Today the U.N. claims that “5000 people a month” are dying in Syria. As I have before, I have to demonstrate why I find this claim utterly non-credible. 5000/month would be 167 every single day. Now we don’t know what the standard deviation might be, but we have to assume it would be reasonably large, which would mean that some days would be much lower, while on other days, we could easily expect 300 or more to be killed in a single day, if the 5000/month were to be believable.

So let’s look at a report from today, when major battles are being reported. Looking through the article, we find (claims of) six mediators shot in Homs, eight Nusra front militants killed by Kurds, nine people killed at a checkpoint, and “several” regime fighters killed. All in all fewer than 30 were reported killed on a day when major battles are being fought. Is it remotely credible that an average of 167 are being killed every single day? Just yesterday we read about 40 people being killed in a single bombing in Iraq; when is the last time we read about an event in Syria which killed even that many people? And when was the last time we read about a day when more than 200 people died in Syria in just a single day? For my part, the answer would be: never.

I don’t know what the statistics are, and I’ll also state clearly that they make no difference whatsoever to my stand, which is: Hands off Syria! No U.S. intervention in Syria. However, because these numbers are being used (and, in my opinion, “ginned up”) to justify ever-increasing intervention in Syria, it is important to understand them, and rebut them, if they are false. Which, in my opinion, is without question.

July 21, 2013 - Posted by | Deception, Mainstream Media, Warmongering | , , ,

1 Comment »

  1. First of all, the UN’s figures are indeed “unprofessionally sourced”, as the Syrian government put it. They are not real figures. Real figures are not available. In this particular war in Syria, many deaths are not reported, yet many other deaths that are reported are fictitious, false. Secondly, you can’t rely on newspaper reports such as Reuters to give you an impression of numbers of deaths to any good accuracy. Western news agenices at the moment are underreporting the number of deaths because they can’t verify the deaths reports. They now know that the suppliers of the reports on the opposition side of the conflict are highly unreliable sources. On the other side of the conflict, the Syrian government is not supplying information about deaths in general. The government reports deaths figures for only a very limited category of notable incidents; and it does not report most deaths; and for some important categories of deaths it does not collect the information and does not have the information.

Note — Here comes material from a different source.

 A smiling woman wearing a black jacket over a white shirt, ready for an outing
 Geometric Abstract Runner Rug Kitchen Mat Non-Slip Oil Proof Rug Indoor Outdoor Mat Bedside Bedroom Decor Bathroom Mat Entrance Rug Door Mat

For instance nowadays the Syrian army is regularly using heavy artillery fire against the rebels in some areas from afar. When the army shells a location (which is normally an urban location, or a town) it generally does not know how many people at the location are killed. It does not know it on the day of the shelling, nor does it find out on some later day. (By the way, usually at these shelling locations the bulk of the civilian population has left the general area, but commonly there are still a smallish number of civilians in the general area who opted to not leave). Finally, neither side in the conflict is disclosing the casualty rates of its soldiers.

    All the above is simple fact. I will now venture my opinion that a figure of an average 167 people killed every day looks to me to be a little on the high side, but not grossly too high. Real figures are unavailable so everybody is entitled to his own opinion.